Friday, December 7, 2007

Good, hard questions

Neo has asked a few of 'em. Seven, to be precise, on a creative meme spin. Neo wants answers? Neo gets answers.

1) How do I feel about the past...? I don't think it's the past for its own sake, so much, that drew me to Renaissance lit. I am, through and through, a lyric poetry girl. And the place to be, if you like lyric verse, is between 1550 and 1670. It's not just that lyric poetry during this period is so freaky (though it is) or so moving (though it's that too); to me, it's that writers during this period have huge antennae up for the nuances of language. They know their Greek and Latin and Hebrew and a ton of other languages, and they hear a long, long echo in a word like "ruin." That turns me on.

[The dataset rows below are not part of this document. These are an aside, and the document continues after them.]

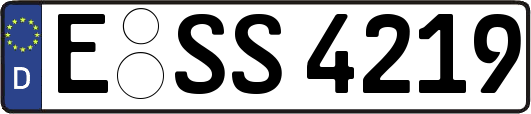 E-SS4219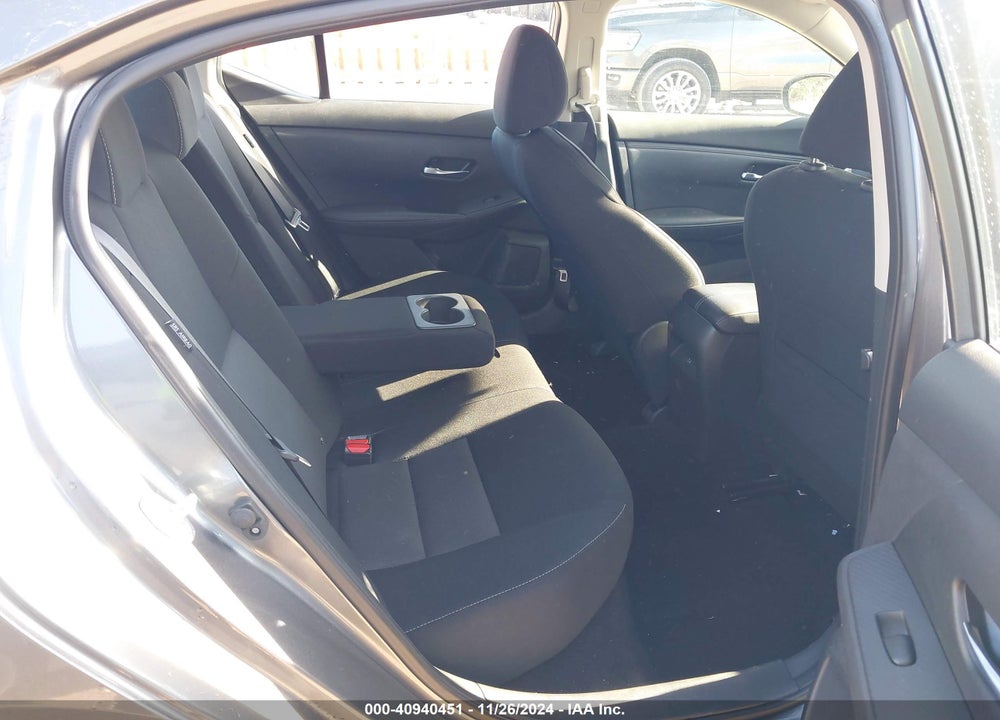 2021 NISSAN SENTRA SV XTRONIC CVT VIN: 3N1AB8CV2MY301338
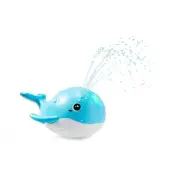 Whale Baby Bath Toys Automatic Water Spray Bath Toys with LED Lights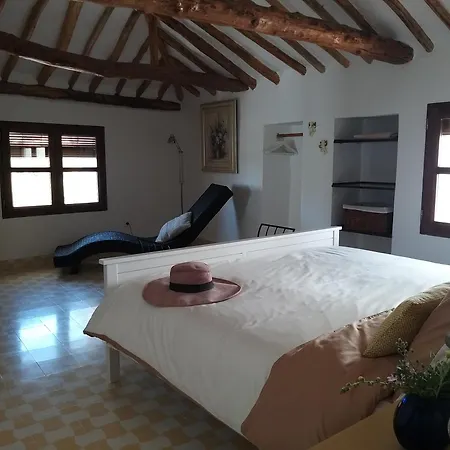 Molino Mairena Сasa de vacaciones
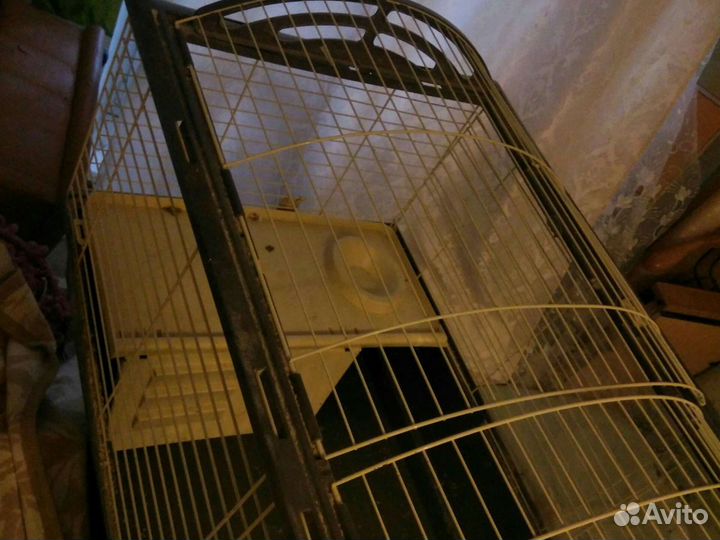 Клетка для грызунов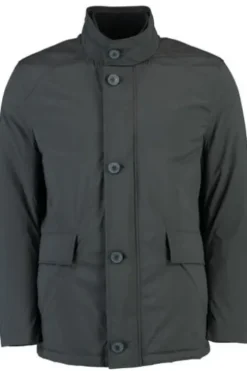 PIERRE CARDIN Jacke schwarz Futureflex wasserabweisend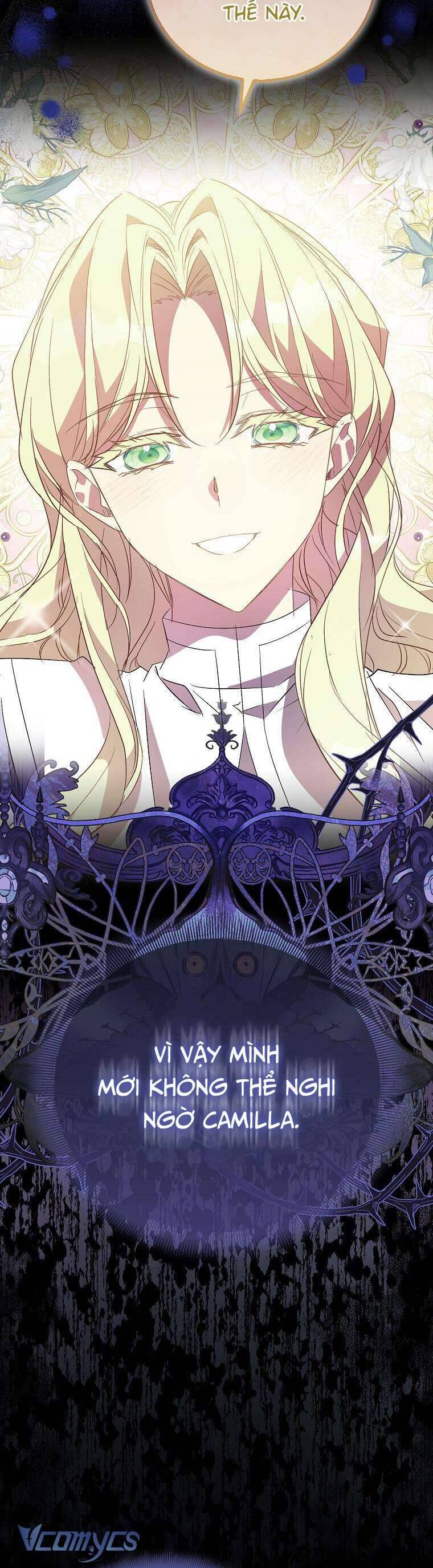 Tôi Là Thánh Nữ Giả Mạo Nhưng Các Thần Lại Ám Ảnh Tôi Chapter  84 - 24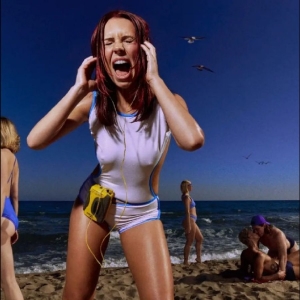 Gray Rose - Louder, Please in the group CD / Pop-Rock at Bengans Skivbutik AB (5576129)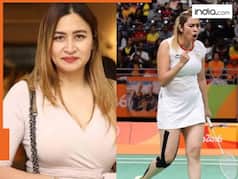 Star badminton player Jwala Gutta donates 30 liters of breast milk due to...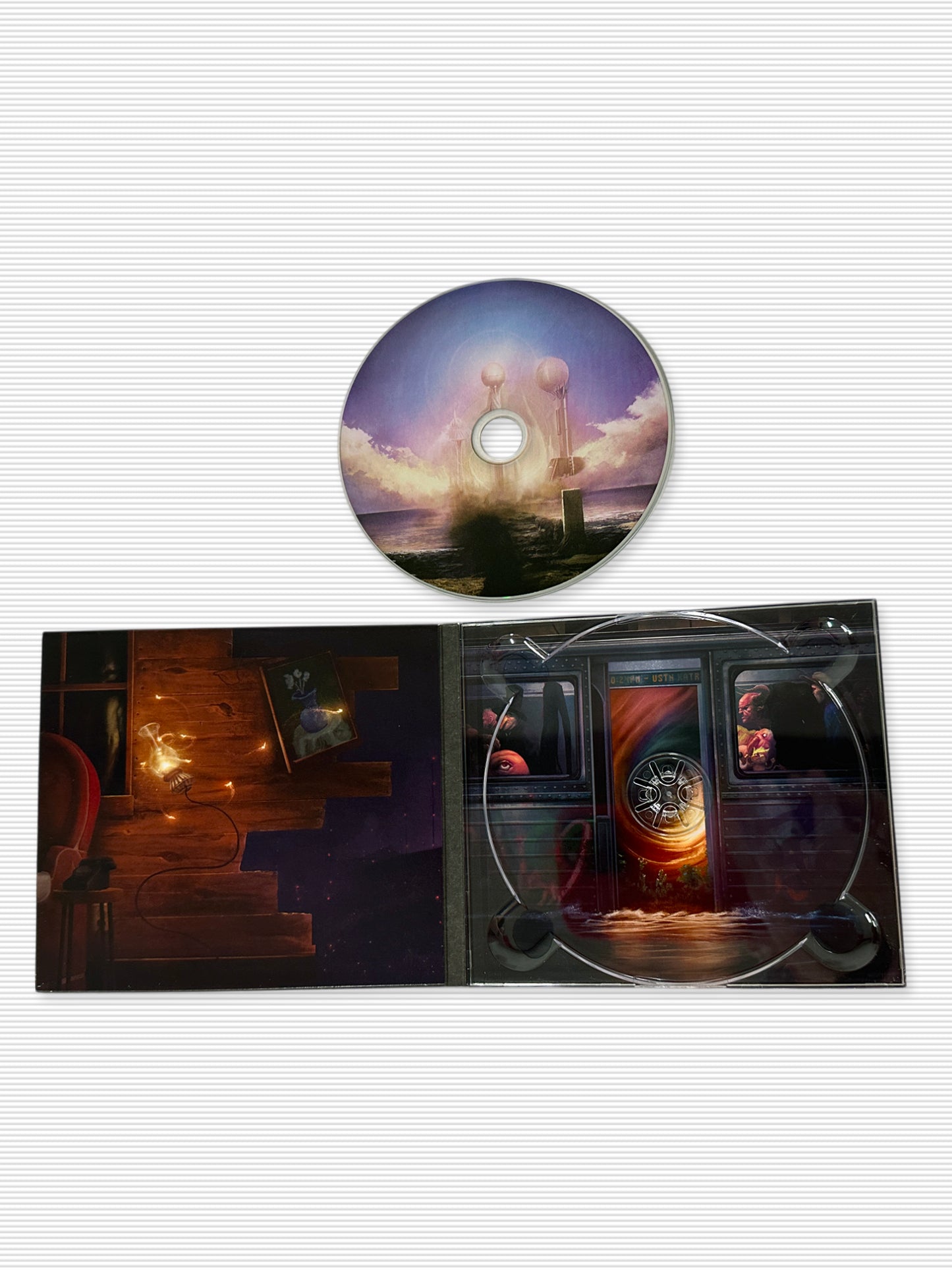 Red Vox - Realign CD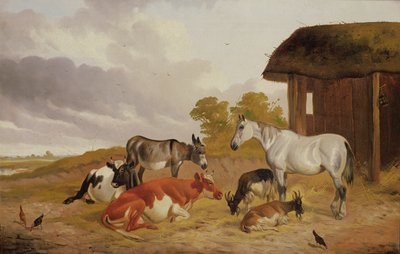 Tanyai társak alkotó: John Alfred Wheeler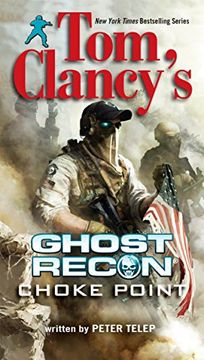 portada Tom Clancy's Ghost Recon: Choke Point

I started my academic life as a scientist, and I guess there's still a part of me that likes to open stuff up and see how it works.

2) My work hasn't required me to be an archivist to this point, but a project I've just started has meant that I've been handling some books from 1589, 1628, etc. How I feel, mostly, is this hunger to own the books. They're so beautiful, and fragile, and seeing marginalia from 1650 kills me. It makes the text so much more a product of a real world, a pasttime for a real mind.

3) As I've mentioned before, my other gig is as a creative writer. It's obvious to me that both my public readings and my teaching are just substitutes for my long-abandoned career as a rockstar.

4) My first intellectual crush was the man who seduced me from the sciences to this less lucrative career path. I continue to know him. Simultaneously, I'd die for his approbation, and I wish he'd drop dead so that the pressure to be impressive to him would go away.

5) A text in my field with which I have some kind of difficulty: _Romeo and Juliet_ sucks. And those long poems by Shakespeare ? "Venus and Adonis" and "The Rape of Lucrece"? WTF?

6) What I'd change about my field: its domination by fairly snooty, condescending old white men.

7) My marginalia are mostly little half-arrows to indicate ideas I want to return to. Underlining is for passages I want to quote. And I try to keep track of my objections marginally as I read, so as to find them quickly when writing my own essays. In library books: pencil (usually. Not always. Sorry). In my own, bold blue pen.

3 comments:

Flavia said...

I'm so glad that this discussion has been moving through the blogosphere.

For now, all I'll say is AMEN to your #6.

(Oh, and perhaps also this: it's nice to feel like a rockstar once in a while. Albeit with fewer drugs and a smaller, not always entirely willing audience.)

moria said...

I didn't know what snooty, old, and white really meant until I came to Britannia. I love my snooty old white men, I really do, but I could to with a touch less of the sardonic layer that's smeared over everything, and I would be completely thrilled if there was just one young woman, or just one queer, in the program, or even on the seminar schedule. Sniff.

I love V&A! And the sonnets nauseate me... But I love what you say about early modern lyrics. I was telling a Victorianist friend the other day that poetry, for me, stops around 1670 and doesn't pick up again until the 1920's or so. She was horrified. I stand by that statement.

Renaissance Girl said...

Neo--For me, poetry gets okay again with Dickinsen and Hopkins, but otherwise the entirety of the 18th and 19th centuries are pretty bland bread.

Neo and Flavia--I could forgive the old and white and male if they weren't so damned condescending.